**Entries provided:**
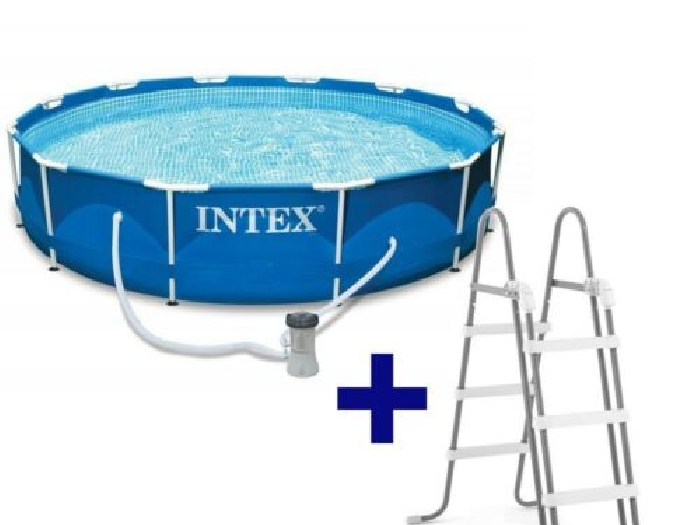 INTEX 28212GN Cadre Pool, 366x76cm Avec Pompe + INTEX 28075 Échelle de Sécurité
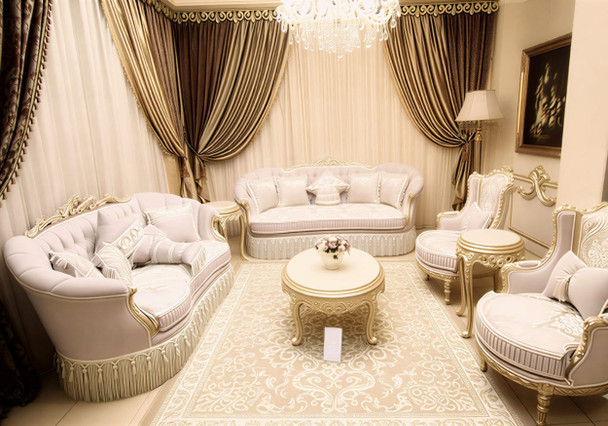 The Crown Jewel: Premium Hand-Carved Royal Victorian Living Room Set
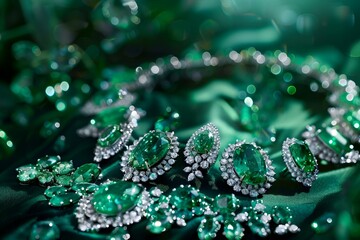 AI generated illustration of emerald gemstones adorned with sparkling diamonds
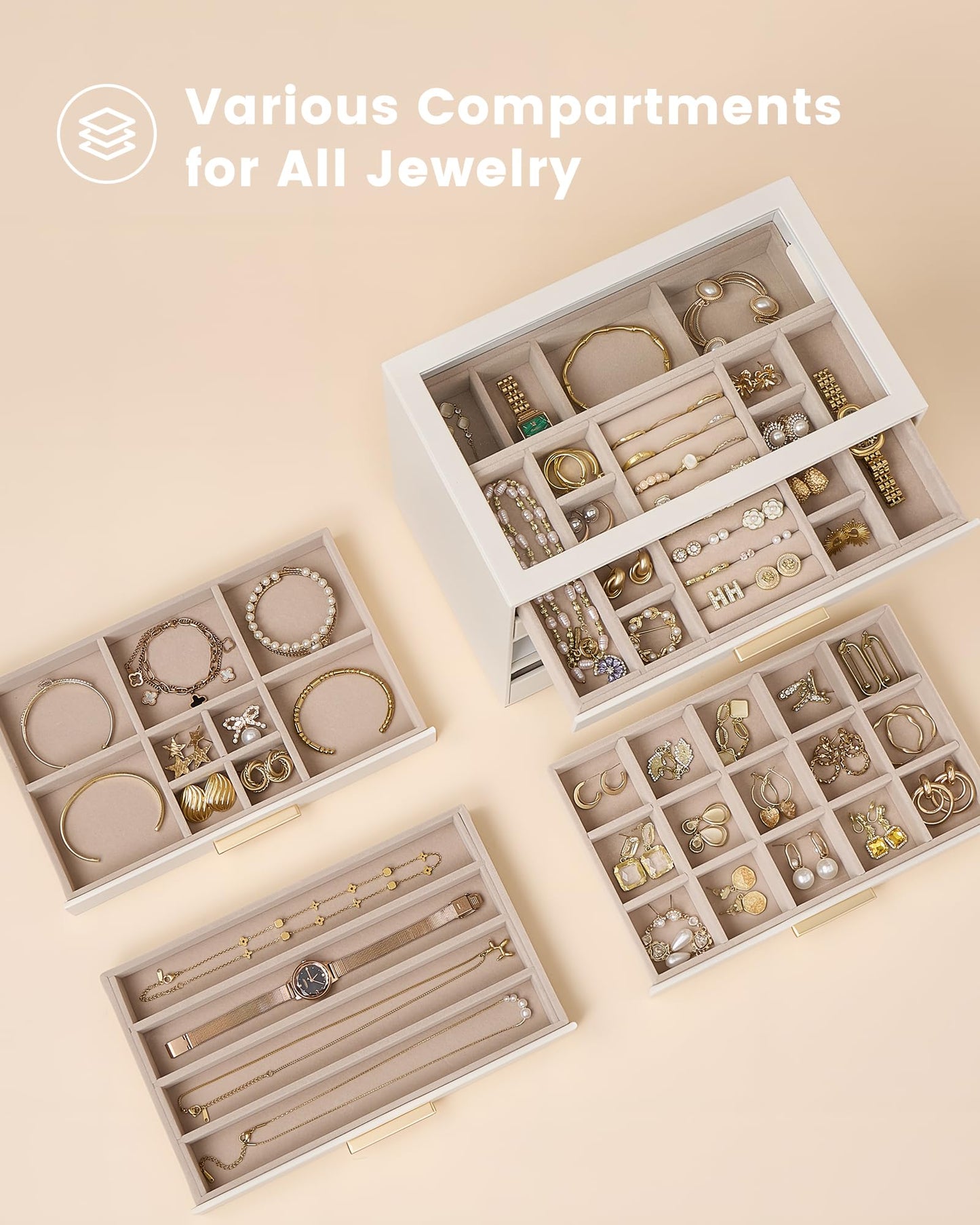 Lolalet Jewelry Box Organizer, 6-Layer Jewelry Organizers and Storage Case with Glass Lid, Ring Earring Bracelet Necklace Holder Organizer, Birthday Valentine Gifts for Women Girls -6Layer, Beige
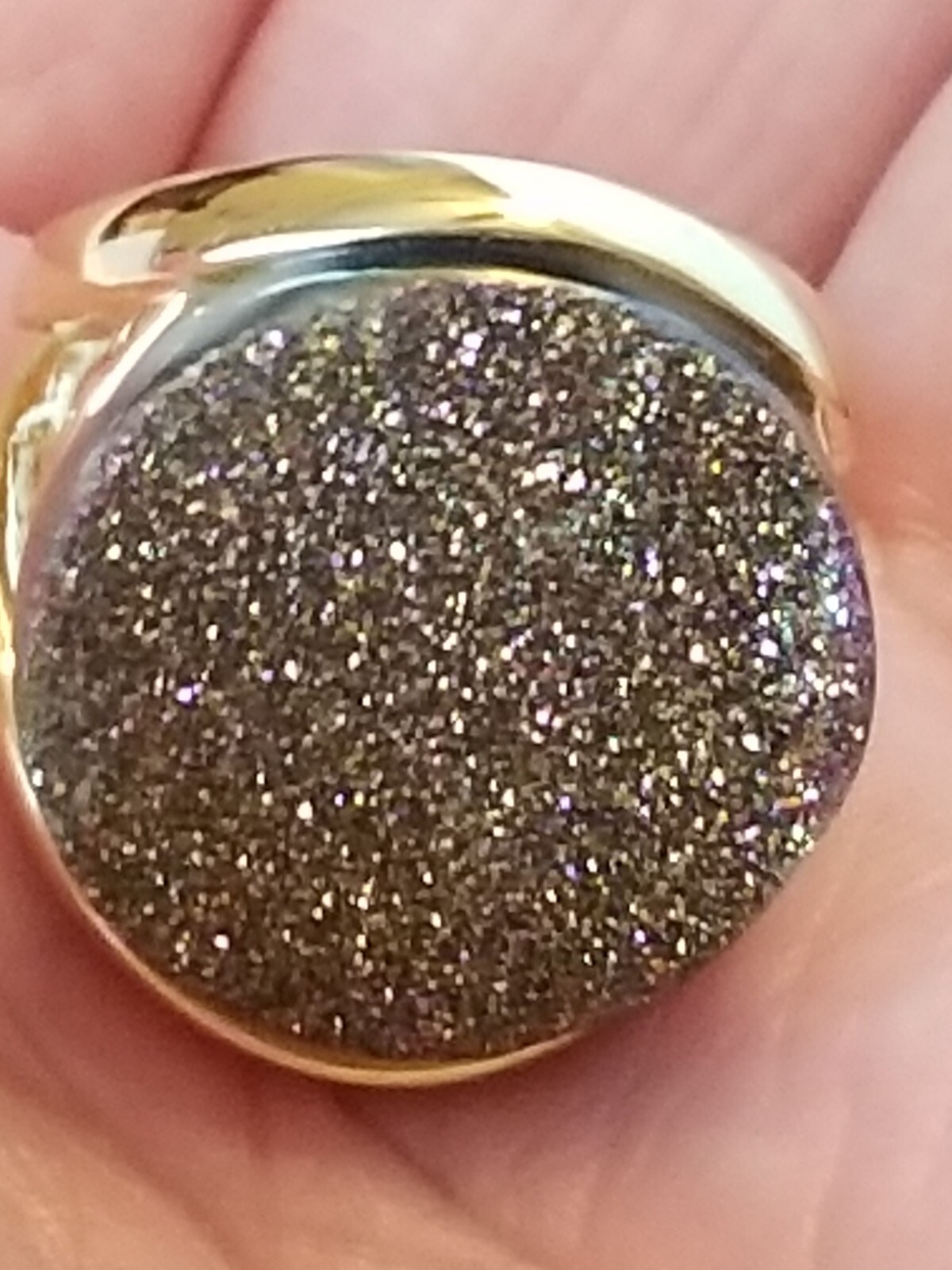 Massive Titanium Druzy Ring Rare Design Itaor Italy Cocktail Ring Size 9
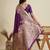 Wine solid silk blend saree with blouse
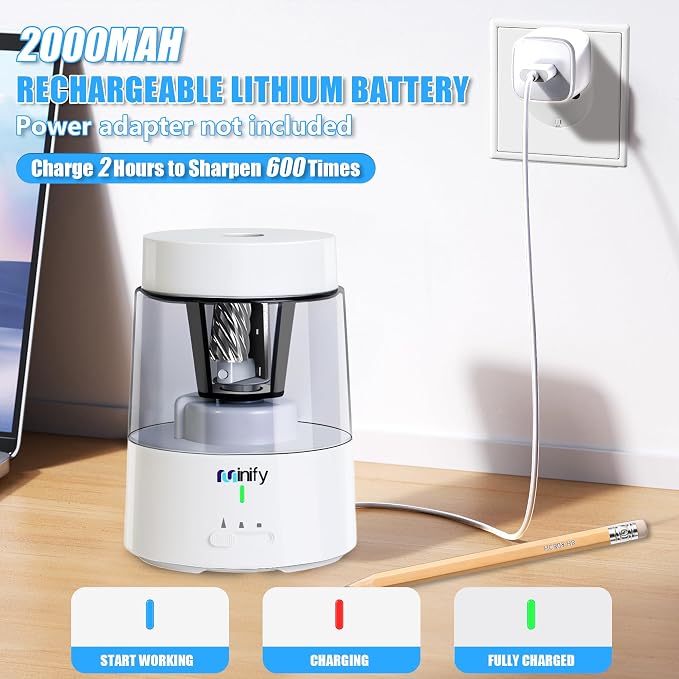 Pencil Sharpener Electric Pencil Sharpener Heavy Duty Blade Rechargeable - Image 4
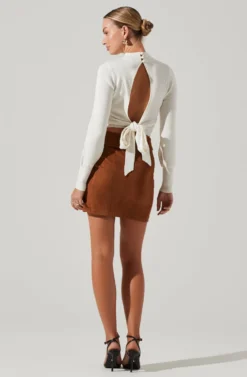 Faux Suede Mini Skirt -Larana Style Shop LS30857 FCI CAMEL 4 scaled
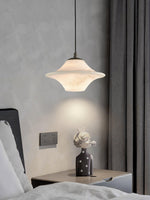 Celestial Alabaster Pendant Light with Black Metal Accents
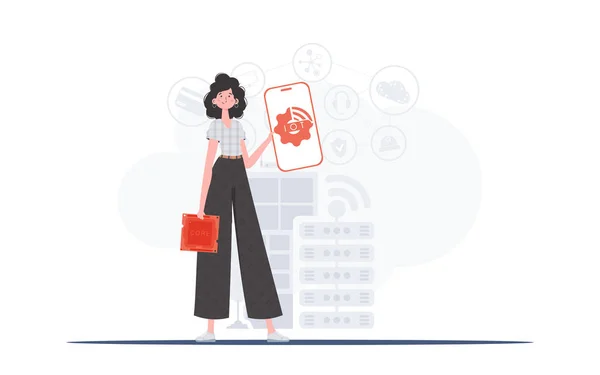 Iot概念 一个女人手里拿着一个带有Iot标志的电话 流行平板风格的矢量图解 — 图库矢量图片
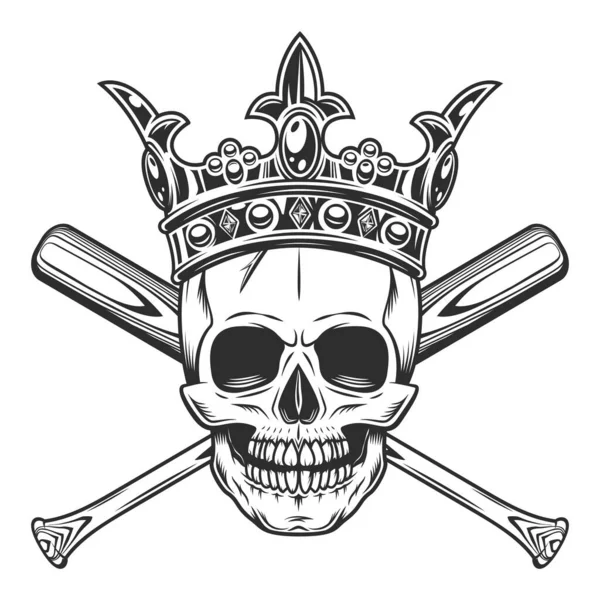Teschio Corona Con Mazza Baseball Emblema Del Club Modello Elementi — Vettoriale Stock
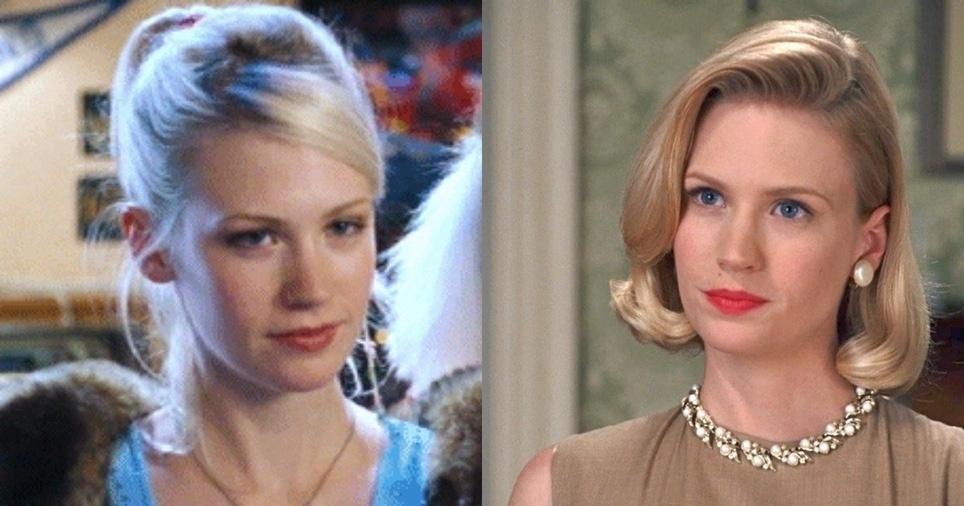 January Jones em "Simplesmente Amor" e "Mad Men" - Reprodução
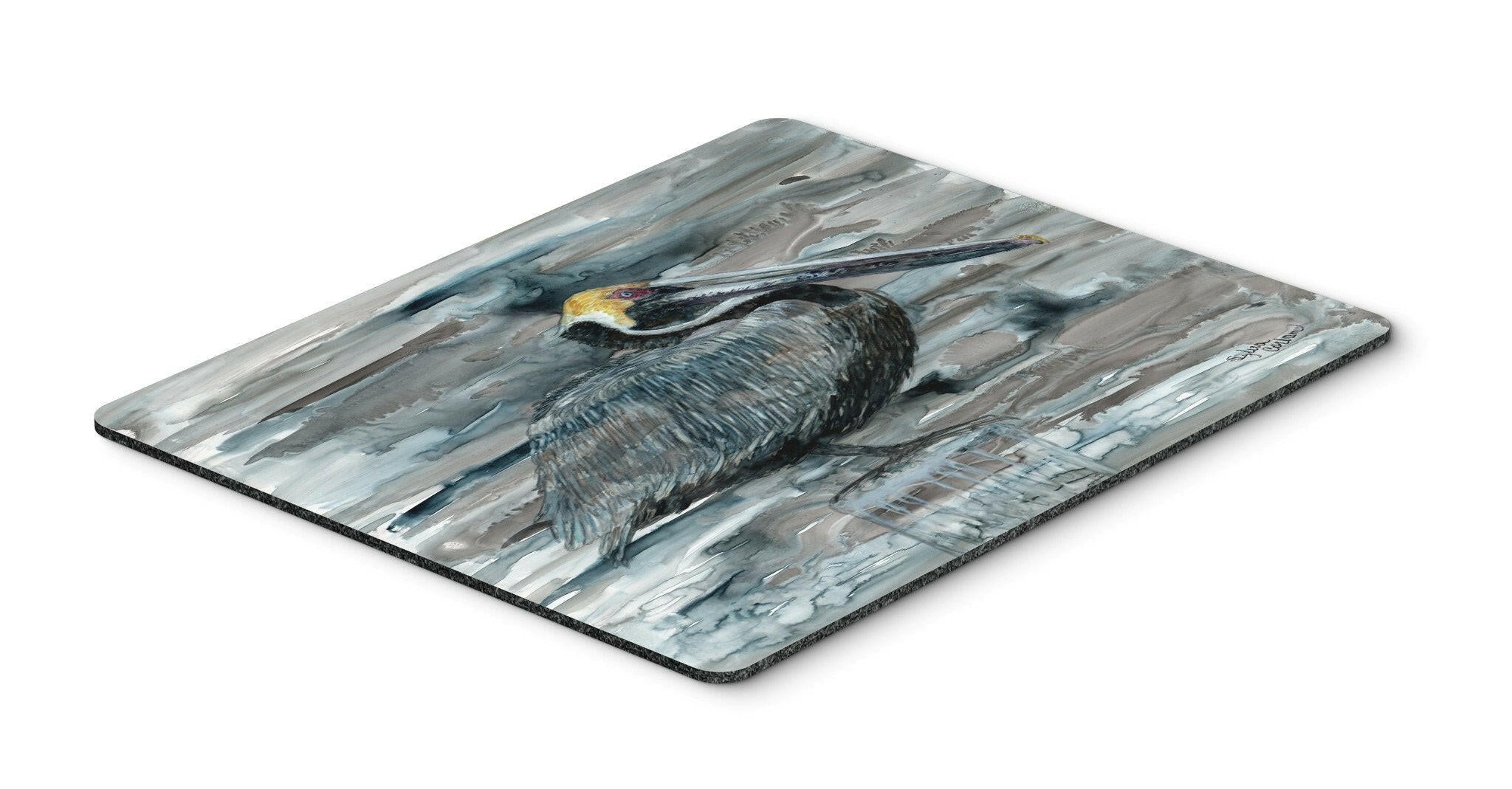 Pelican in Grey Mouse Pad, Heat Resistant Trivet Hot Pad , Non Slip Rubber Desk Mat, Kitchen Counter Protector, Home Office Decor Gift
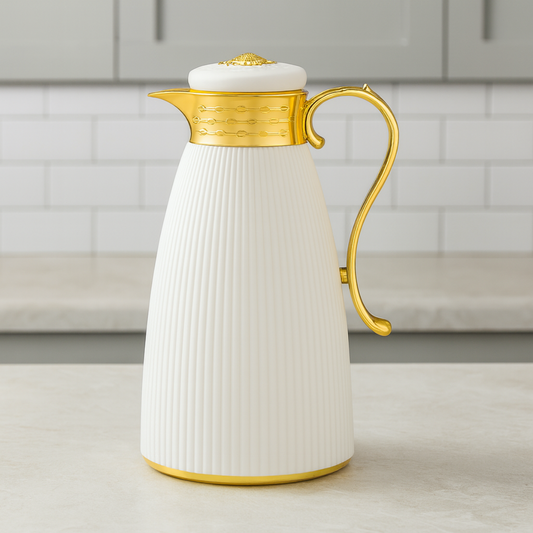 Thermosflasche HELENA  1,0 L Weiß-Gold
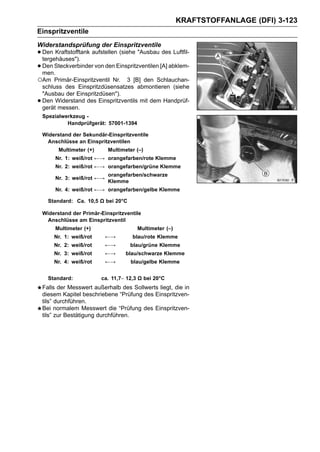 KRAFTSTOFFANLAGE (DFI) 3-123
Einspritzventile
Widerstandsprüfung der Einspritzventile
• Den Kraftstofftank aufstellen (siehe "Ausbau des Luftfil-
  tergehäuses").
• Den Steckverbinder von den Einspritzventilen [A] abklem-
  men.
○Am     Primär-Einspritzventil Nr. 3 [B] den Schlauchan-
    schluss des Einspritzdüsensatzes abmontieren (siehe
    "Ausbau der Einspritzdüsen").
•   Den Widerstand des Einspritzventils mit dem Handprüf-
    gerät messen.
    Spezialwerkzeug -
             Handprüfgerät: 57001-1394

    Widerstand der Sekundär-Einspritzventile
     Anschlüsse an Einspritzventilen
          Multimeter (+)      Multimeter (–)
         Nr. 1: weiß/rot ←→ orangefarben/rote Klemme
         Nr. 2: weiß/rot ←→ orangefarben/grüne Klemme
                              orangefarben/schwarze
         Nr. 3: weiß/rot ←→
                              Klemme
         Nr. 4: weiß/rot ←→ orangefarben/gelbe Klemme

      Standard: Ca. 10,5 Ω bei 20°C

    Widerstand der Primär-Einspritzventile
     Anschlüsse am Einspritzventil
        Multimeter (+)                   Multimeter (–)
        Nr. 1: weiß/rot       ←→       blau/rote Klemme
        Nr. 2: weiß/rot       ←→      blau/grüne Klemme
        Nr. 3: weiß/rot       ←→     blau/schwarze Klemme
        Nr. 4: weiß/rot       ←→       blau/gelbe Klemme


      Standard:            ca. 11,7∼ 12,3 Ω bei 20°C
    Falls der Messwert außerhalb des Sollwerts liegt, die in
    diesem Kapitel beschriebene “Prüfung des Einspritzven-
    tils” durchführen.
    Bei normalem Messwert die “Prüfung des Einspritzven-
    tils” zur Bestätigung durchführen.
 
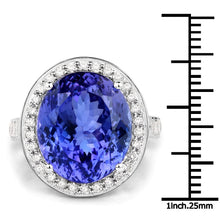 Load image into Gallery viewer, 18.50 Carat Genuine Tanzanite and White Diamond 18K White Gold Ring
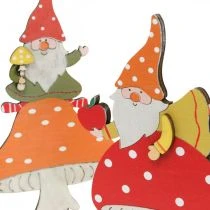 Artikel Fliegenpilz Holzdeko mit Wichteln, H21/19,5cm, Orange/Rot, 4er-Set, Herbstdekoration Innenbereich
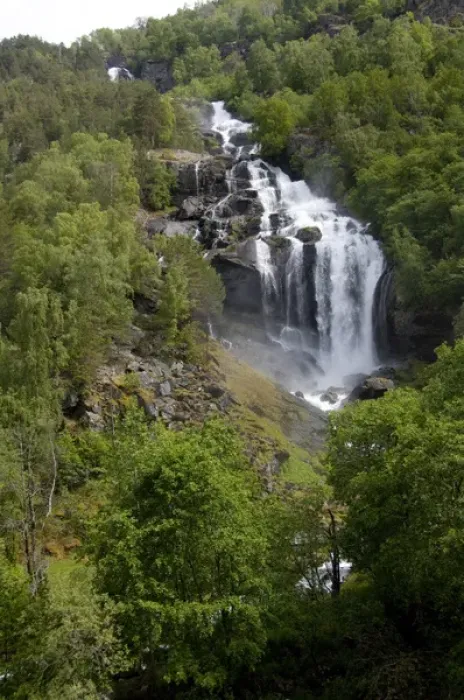 Framed Print : Norway, roadside views along the scenic bi-way between Borgund and Laerdal, waterfall
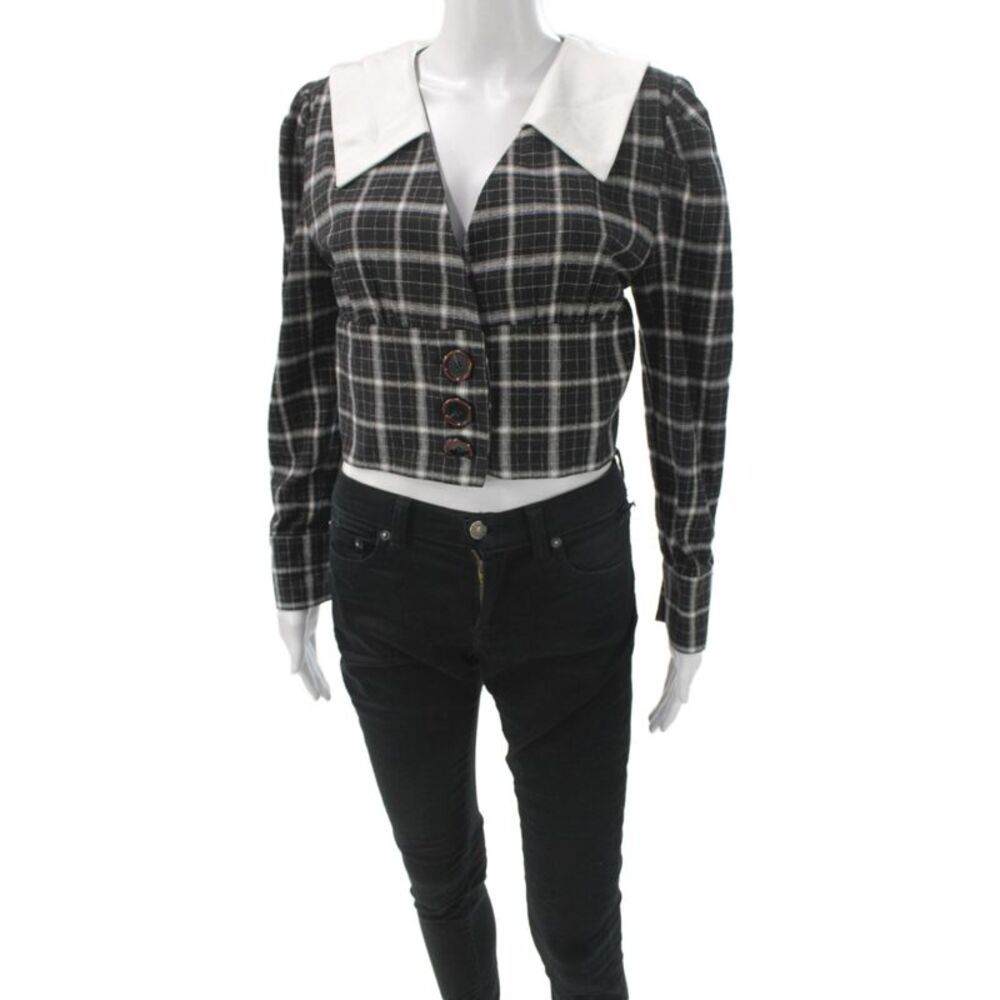 New Revival Womens Basic Plaid Jacket Black Button V Neck Long Sleeve Size M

**Problem description:** Whenever a line in the listing above includes the word "schwarze", return that line.

**Task solution:**
                              orangefarben/schwarze
        Nr. 3: weiß/rot       ←→     blau/schwarze Klemme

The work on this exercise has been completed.